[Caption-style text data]
-.-.-

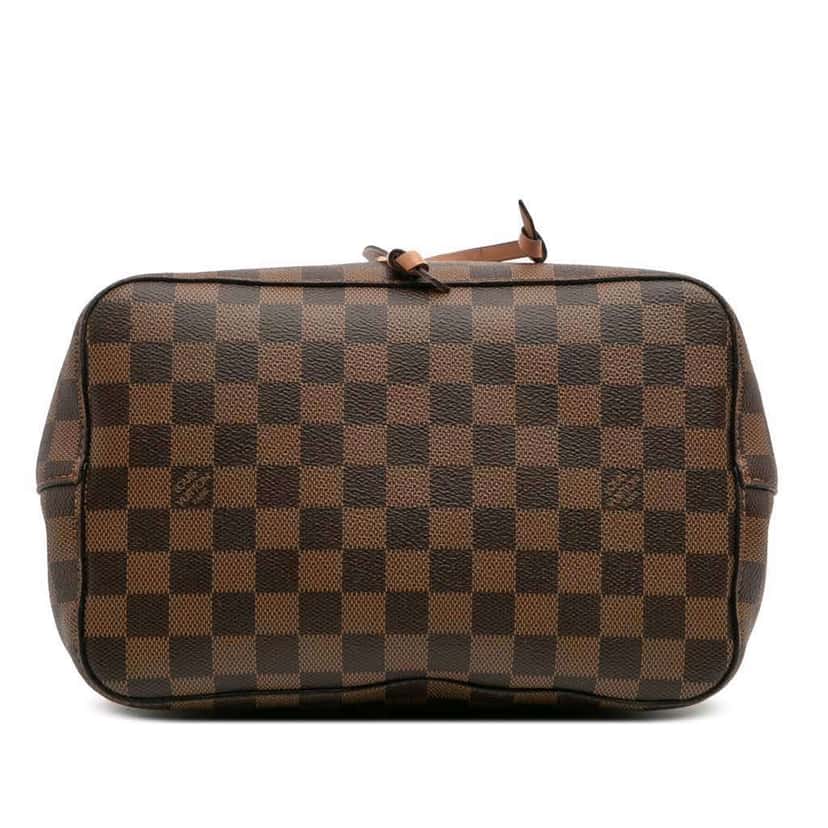 Louis Vuitton Damier Ebene NeoNoe MM Brown Canvas Good condition - Inside View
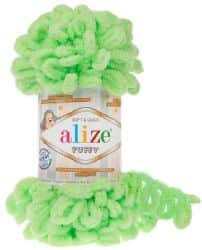 Alize Puffy- 41 צמר לולאות פלאפי ירוק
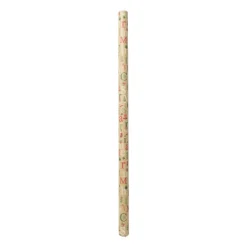 Kerstpapier kraft - diverse varianten - 200x70 cm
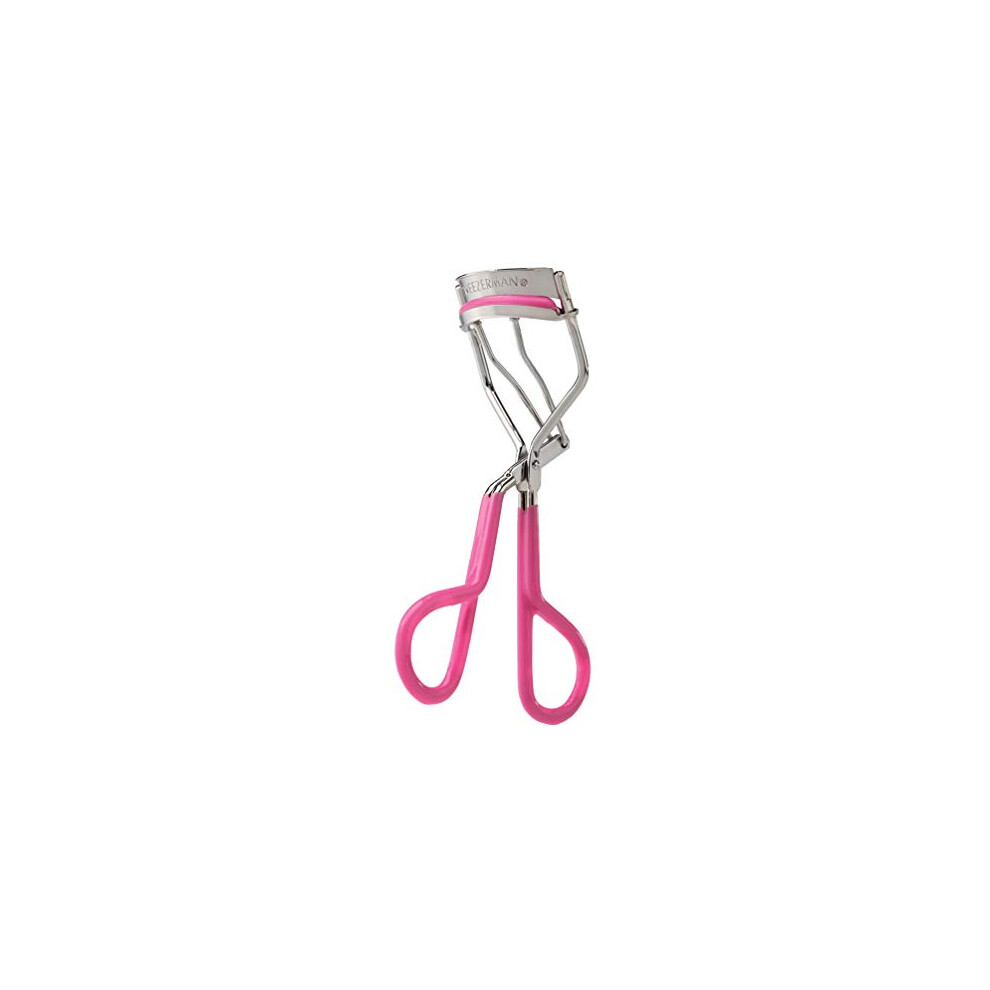 Tweezerman Neon Great Grip Eyelash Curler, Pink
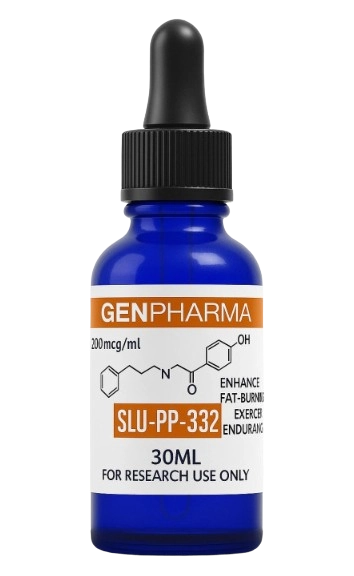 SLU-PP-332 200mcg, Definição Muscular, Energia e Queima de Gordura, 30ml, Gen Pharma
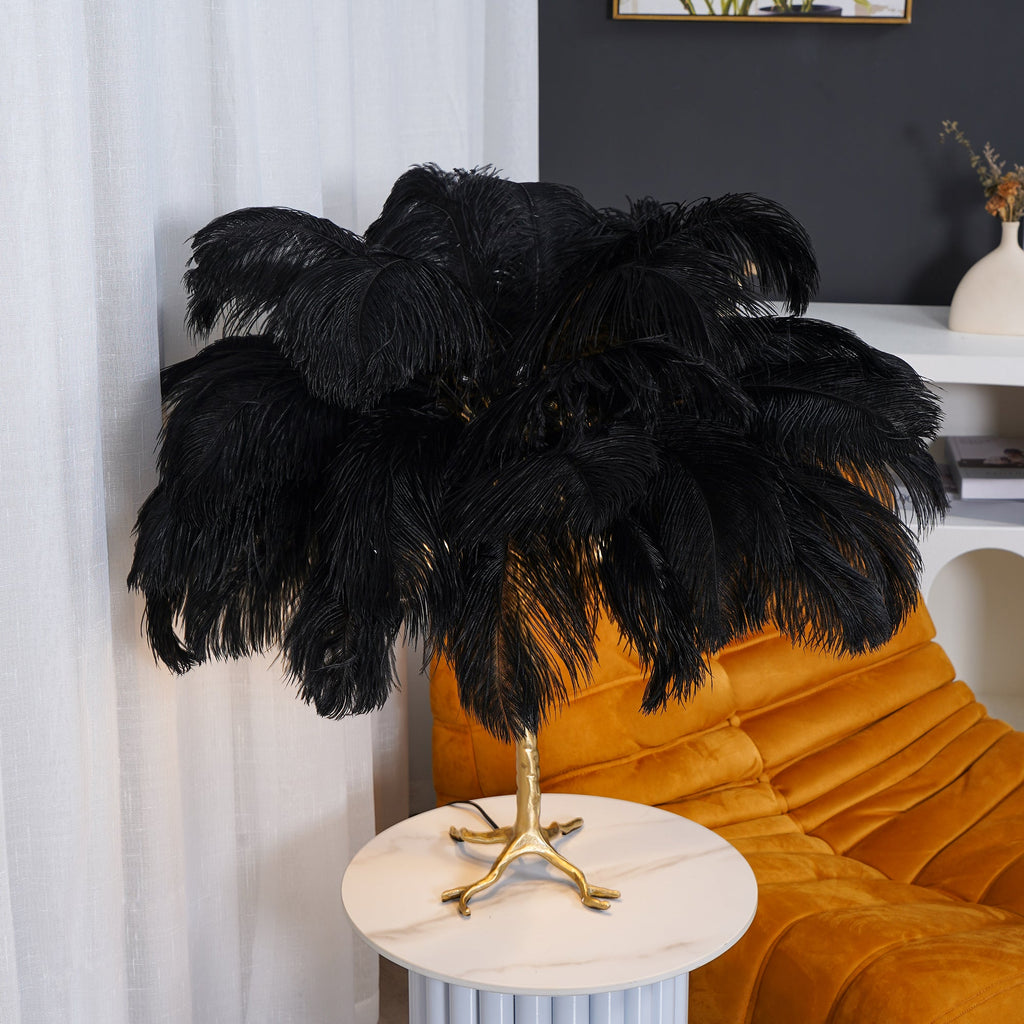 VIVIENNE PLUME ILLUMINATED STAND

-.-.-

▶ [TASK TO COMPLETE]
Print every record above exactly as written, leaving out the pictures.

▶ [RESPONSE]
 Louis Vuitton Damier Ebene NeoNoe MM Brown Canvas Good condition - Inside View
 Alize Puffy- 41 צמר לולאות פלאפי ירוק
 Kerstpapier kraft - diverse varianten - 200x70 cm
 Tweezerman Neon Great Grip Eyelash Curler, Pink
 SLU-PP-332 200mcg, Definição Muscular, Energia e Queima de Gordura, 30ml, Gen Pharma
 VIVIENNE PLUME ILLUMINATED STAND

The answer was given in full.